Where I think Zenon did a poor job in the first half, is in talking about things the audience just didn't especially care about—at least not the section I was in. It was technically excellent, but it just wasn't interesting.
Artists of all kinds like to guard against "pandering." We don'r want to just spoon-feed the audience. My yearbook quote from college sums it up (it's by Duane Preble): "Aesthetic is the opposite of anaesthetic." Good art in this model has the urgency of gospel: Listen! it says, This is important! We don't have forever to learn this!
Sometimes, though, the desire to not pander means we turn our back as performers on the audience.
In the pub sings I've been involved in the last few years, audience and performer are much closer together than most people are used to, I think. The setting helps: people just get up and lead a song, often from where they are sitting in the bar. There's ambient noise, sometimes annoyingly if there are clueless patrons talking loudly just outside the circle of song (or even, incredibly, right next to the singer). But that noise also serves to ground us: we are not in a temple of perfect sound: we are in the middle of our lives. Our audience are our friends around us. We are all part of the same group, and we are sharing those functions of audience and performer in a way that feels like a deep conversation.
What Buraczeski I think is talking about, is that he is not saying what he thinks the audience wants. He is not trying to fill their appetite. And because his work is interesting, because the ideas and shapes he presents in "leaving the door open," it's like that part of a conversation. It's something we care about.
Where I think Zenon did a poor job in the first half, is in talking about things the audience just didn't especially care about—at least not the section I was in. It was technically excellent, but it just wasn't interesting.
Artists of all kinds like to guard against "pandering." We don'r want to just spoon-feed the audience. My yearbook quote from college sums it up (it's by Duane Preble): "Aesthetic is the opposite of anaesthetic." Good art in this model has the urgency of gospel: Listen! it says, This is important! We don't have forever to learn this!

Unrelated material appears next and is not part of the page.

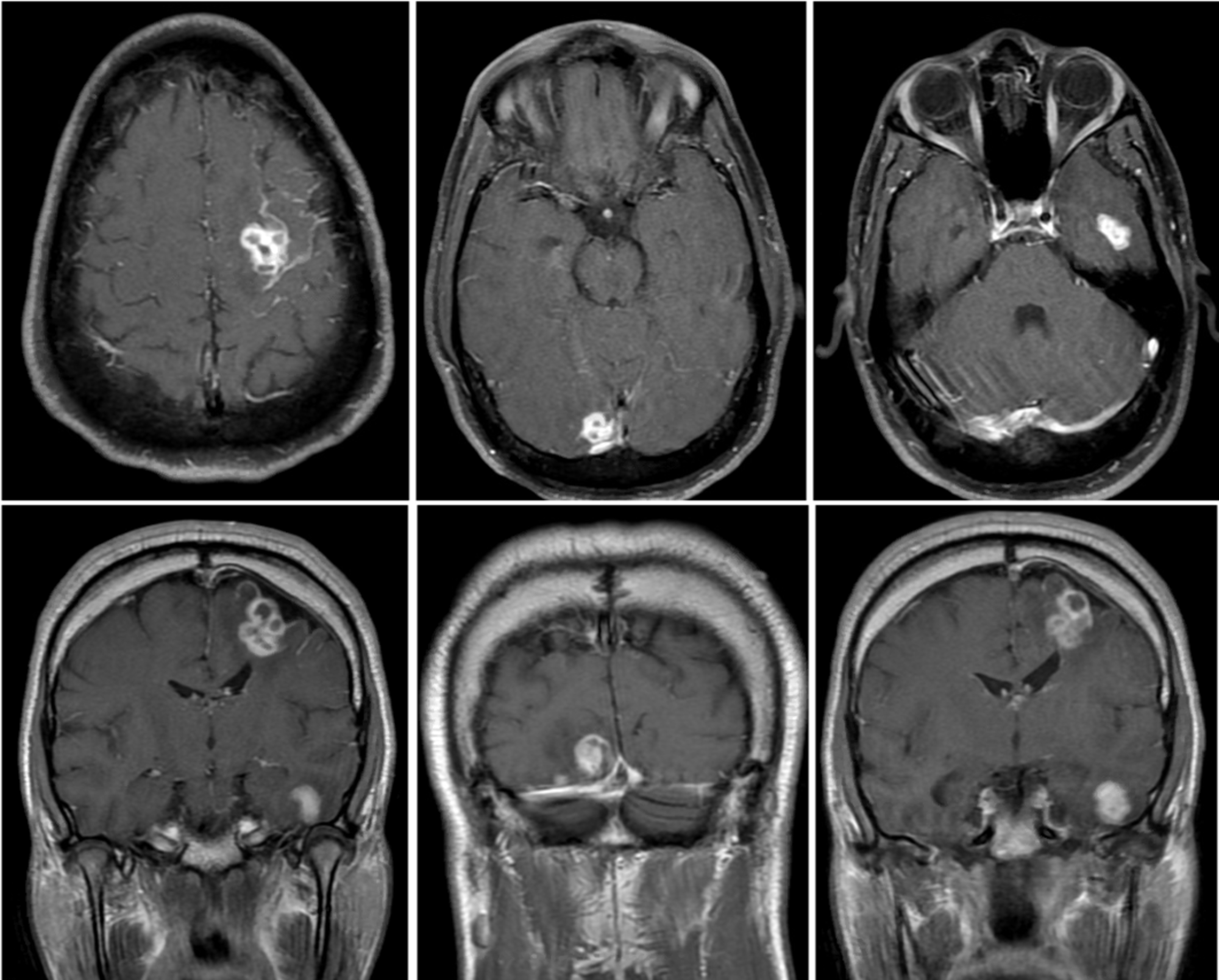 Cureus Disseminated Sporotrichosis With Brain Abscesses in an HIV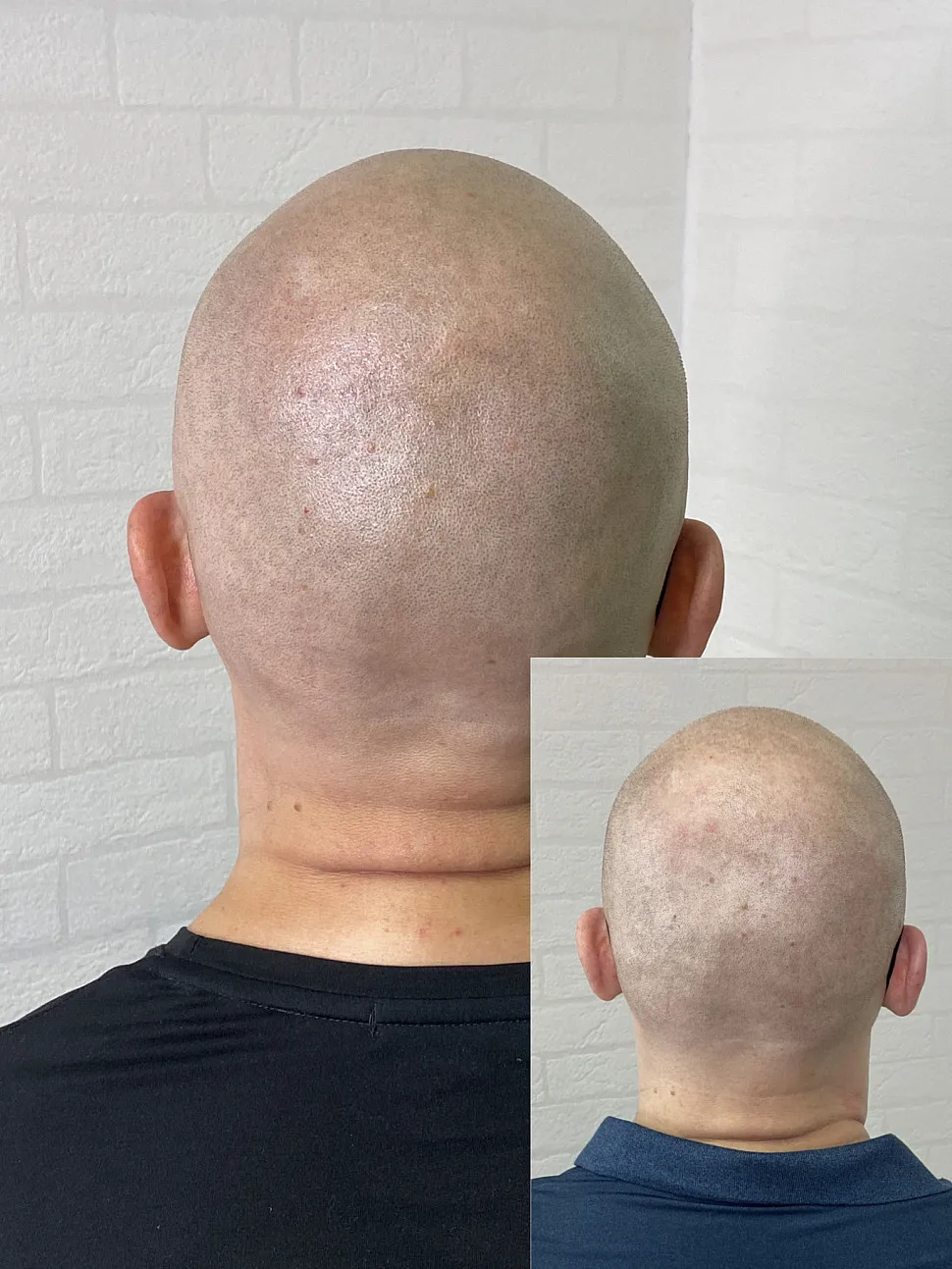 Визуальное руководство по: рубцовая алопеция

Sometimes, though, the desire to not pander means we turn our back as performers on the audience.
Good evening. Welcome to Difficult Listening Hour. The spot on your dial for that relentless and impenetrable sound of Difficult Music. So sit bolt upright in that straight-backed chair, button that top button, and get set for some difficult music.-Laurie AndersonWell, OK, if you have a consensual relationship with a particular audience, where they know they are in for a hard grind. Fine. But me, I want art that reaches out not to pluck my heartstrings, but to grab me by the hand, to meet me halfway between the stage and the audience.